The company topped 13.42 billion in sales for the full year, up 21 percent at constant exchange rates, with a net profit of 4.31 billion euros.
The company continued “its strong brand momentum,” said Bernstein analyst Luca Solca. The numbers put it above consensus that had predicted a 13.7 percent growth.
“Importantly leather goods is ahead and double digits in the quarter, defying the usual end of year lull on the back of satiated store managers having met targets long before. Hermès is yet another company to confirm reviving momentum of the American consumers, on the back of resurgent confidence and lower inflation,” he said in a note after the release on Friday.
The company, famous for its Birkin and Kelly handbags, has been strengthening its other categories in recent quarters, with growth in the ready-to-wear and watches categories outpacing its core leather goods category.
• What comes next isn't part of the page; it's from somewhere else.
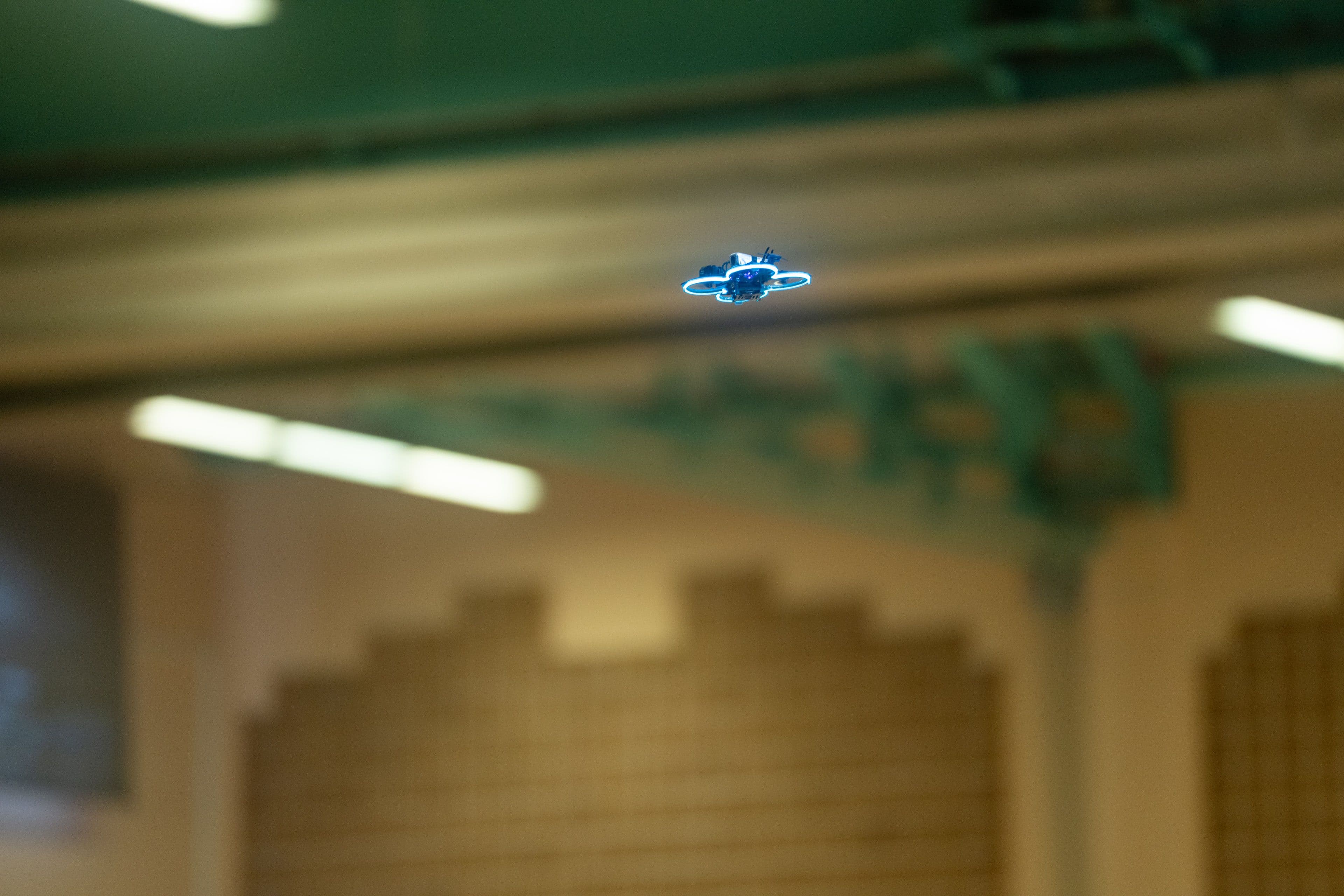 Die Drohne fliegt unter der Hallendecke zwischen den Stahlträgern hindurch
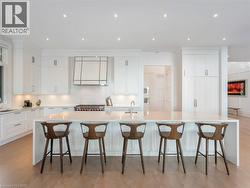 Contemporary kitchen featuring an oversized island with seating, white shaker-style cabinetry, integrated stainless steel appliances, recessed ceiling lighting, and light wood-finish flooring -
That trend continued over the holiday period, with ready-to-wear jumping 27.5 percent, while sales of leather goods were up 10.4 percent.
Beauty, an accessible and expanding category for the company, and its watch division both clocked 22 percent growth in the fourth quarter.
The company is combating the luxury sector’s recruitment issues with another bonus for employees, and will pay 4,000 euros to all staff worldwide as a reward for the year’s stellar results.
Consumers are spending on jetting around the world, benefiting Hermès wholesale activities, which were up 24 percent driven by the travel retail business in 2023.
Looking ahead, the company sees itself staying steady despite the geopolitical headwinds and slowing economic growth in other categories, as consumers become more cautious about their spending.
“In the medium-term, despite the economic, geopolitical, and monetary uncertainties around the world, the group confirms an ambitious goal for revenue growth at constant exchange rates,” it said in a statement.